No me cabe dudas de que el matatanismo y la tutumposidad del Cardenal dominicano López Rodríguez, por ejemplo, son particularidades que estaban presentes en él, antes de tener el poder para desplegarlos en todo su esplendor, pero no ha sido la Iglesia Católica un inmejorable detonante para ciertas vocaciones de atropello? ¿A cuánta gente la Iglesia le ha servido de sombrilla para acumular fortunas, violar niños y atiborrarse de poder?

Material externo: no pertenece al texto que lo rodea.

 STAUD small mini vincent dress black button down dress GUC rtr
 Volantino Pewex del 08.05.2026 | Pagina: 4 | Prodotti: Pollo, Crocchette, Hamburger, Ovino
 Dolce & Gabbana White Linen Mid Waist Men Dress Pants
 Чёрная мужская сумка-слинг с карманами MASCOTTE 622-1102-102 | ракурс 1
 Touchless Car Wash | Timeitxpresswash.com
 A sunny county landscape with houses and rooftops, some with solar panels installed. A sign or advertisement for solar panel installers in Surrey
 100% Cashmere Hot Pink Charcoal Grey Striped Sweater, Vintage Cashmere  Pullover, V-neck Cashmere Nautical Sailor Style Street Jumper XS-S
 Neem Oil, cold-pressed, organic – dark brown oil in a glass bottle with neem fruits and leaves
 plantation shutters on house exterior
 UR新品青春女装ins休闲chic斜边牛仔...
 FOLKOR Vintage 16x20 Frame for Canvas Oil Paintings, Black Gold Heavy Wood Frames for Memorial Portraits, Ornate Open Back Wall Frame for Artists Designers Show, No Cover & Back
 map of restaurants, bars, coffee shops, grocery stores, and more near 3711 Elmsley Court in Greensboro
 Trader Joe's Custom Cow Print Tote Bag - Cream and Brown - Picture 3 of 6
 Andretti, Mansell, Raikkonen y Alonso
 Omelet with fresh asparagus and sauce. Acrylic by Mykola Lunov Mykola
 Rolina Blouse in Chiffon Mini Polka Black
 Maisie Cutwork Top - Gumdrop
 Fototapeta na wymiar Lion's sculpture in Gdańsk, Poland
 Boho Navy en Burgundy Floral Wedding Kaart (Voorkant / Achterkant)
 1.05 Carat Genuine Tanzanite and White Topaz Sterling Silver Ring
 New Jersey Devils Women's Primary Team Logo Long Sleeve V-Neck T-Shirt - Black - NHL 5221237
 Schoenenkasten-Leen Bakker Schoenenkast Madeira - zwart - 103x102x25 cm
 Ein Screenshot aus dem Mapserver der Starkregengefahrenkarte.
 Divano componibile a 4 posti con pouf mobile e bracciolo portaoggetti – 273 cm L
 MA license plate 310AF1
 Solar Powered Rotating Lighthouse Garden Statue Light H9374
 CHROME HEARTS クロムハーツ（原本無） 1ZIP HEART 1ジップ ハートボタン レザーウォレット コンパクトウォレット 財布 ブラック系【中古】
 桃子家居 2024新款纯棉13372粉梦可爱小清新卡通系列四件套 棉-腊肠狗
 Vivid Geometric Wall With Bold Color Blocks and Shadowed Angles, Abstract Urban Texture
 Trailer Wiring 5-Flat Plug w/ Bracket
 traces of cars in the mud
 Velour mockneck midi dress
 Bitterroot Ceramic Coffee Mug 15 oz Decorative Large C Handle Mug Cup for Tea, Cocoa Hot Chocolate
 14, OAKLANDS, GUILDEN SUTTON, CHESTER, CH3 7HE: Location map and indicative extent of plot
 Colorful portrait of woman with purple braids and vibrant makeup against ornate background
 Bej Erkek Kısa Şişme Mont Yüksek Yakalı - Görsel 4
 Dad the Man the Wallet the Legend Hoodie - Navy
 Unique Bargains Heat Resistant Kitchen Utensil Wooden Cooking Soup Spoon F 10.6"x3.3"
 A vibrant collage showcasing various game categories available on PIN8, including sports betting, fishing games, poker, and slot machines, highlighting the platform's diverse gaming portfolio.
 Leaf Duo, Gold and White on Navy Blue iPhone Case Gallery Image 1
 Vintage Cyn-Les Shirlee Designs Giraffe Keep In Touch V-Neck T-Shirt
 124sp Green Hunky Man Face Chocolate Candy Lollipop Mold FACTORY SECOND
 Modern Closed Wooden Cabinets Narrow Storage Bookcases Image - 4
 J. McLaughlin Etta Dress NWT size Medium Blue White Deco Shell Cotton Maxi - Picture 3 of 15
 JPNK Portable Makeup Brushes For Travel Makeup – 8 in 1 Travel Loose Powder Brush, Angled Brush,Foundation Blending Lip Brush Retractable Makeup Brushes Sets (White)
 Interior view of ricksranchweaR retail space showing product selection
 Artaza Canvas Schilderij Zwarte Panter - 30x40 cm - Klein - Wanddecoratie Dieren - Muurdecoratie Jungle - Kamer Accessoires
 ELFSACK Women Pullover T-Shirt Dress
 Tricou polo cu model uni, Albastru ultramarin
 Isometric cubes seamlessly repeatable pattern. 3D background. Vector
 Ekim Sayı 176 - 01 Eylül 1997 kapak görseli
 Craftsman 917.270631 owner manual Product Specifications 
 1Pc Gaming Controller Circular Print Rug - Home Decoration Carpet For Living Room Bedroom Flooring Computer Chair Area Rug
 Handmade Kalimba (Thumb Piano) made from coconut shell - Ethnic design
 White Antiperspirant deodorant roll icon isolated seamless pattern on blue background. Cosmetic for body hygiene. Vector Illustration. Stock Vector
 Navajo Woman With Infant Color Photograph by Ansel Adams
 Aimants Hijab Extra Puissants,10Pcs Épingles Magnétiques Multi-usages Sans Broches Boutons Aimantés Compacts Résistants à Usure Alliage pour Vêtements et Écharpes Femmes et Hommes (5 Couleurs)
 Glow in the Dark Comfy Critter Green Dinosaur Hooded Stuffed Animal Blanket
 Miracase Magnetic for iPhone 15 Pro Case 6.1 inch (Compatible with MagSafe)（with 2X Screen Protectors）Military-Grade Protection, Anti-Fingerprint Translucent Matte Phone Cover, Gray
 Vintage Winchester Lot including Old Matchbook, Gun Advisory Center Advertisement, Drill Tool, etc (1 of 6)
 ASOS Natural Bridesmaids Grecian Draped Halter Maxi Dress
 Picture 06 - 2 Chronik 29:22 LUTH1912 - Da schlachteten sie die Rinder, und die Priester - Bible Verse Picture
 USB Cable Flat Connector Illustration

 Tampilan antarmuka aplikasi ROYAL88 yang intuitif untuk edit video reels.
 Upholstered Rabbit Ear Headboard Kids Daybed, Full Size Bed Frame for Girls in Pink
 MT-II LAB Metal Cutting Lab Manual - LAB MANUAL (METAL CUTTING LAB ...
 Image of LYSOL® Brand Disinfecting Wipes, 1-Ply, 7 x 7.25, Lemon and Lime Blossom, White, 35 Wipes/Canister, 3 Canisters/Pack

¿No es a la Iglesia misma a la que el papa debe proponerle alguna humildad? ¿La humildad de no estar saqueando presupuestos de países sin la institucionalidad indispensable para separar religiones y Estado, por ejemplo? ¿Qué tal la humildad de renunciar a concordatos firmados todos con tiranos y que lesionan derechos humanos y civiles? ¿Y qué de la humildad de no intervenir en la imposición de leyes que lesionan los derechos de las mujeres?
¿Por qué no la humildad de no hacerse construir templos sobrevaluados? ¿Por qué no la humildad de devolver, digamos, los millones de la sobrevaluación de la catedral de Santiago en República Dominicana? ¿Que tal la humildad de no tragarse los espacios públicos?
¿Qué tal si en vez de pedirle humildad a individuos, no se establece como reglamento la humildad institucional?
¿Y por qué en vez de considerar hipócritas solo a los religiosos que viven en la opulencia, no se aplica la misma regla a las instituciones opulentas que viven de la religión?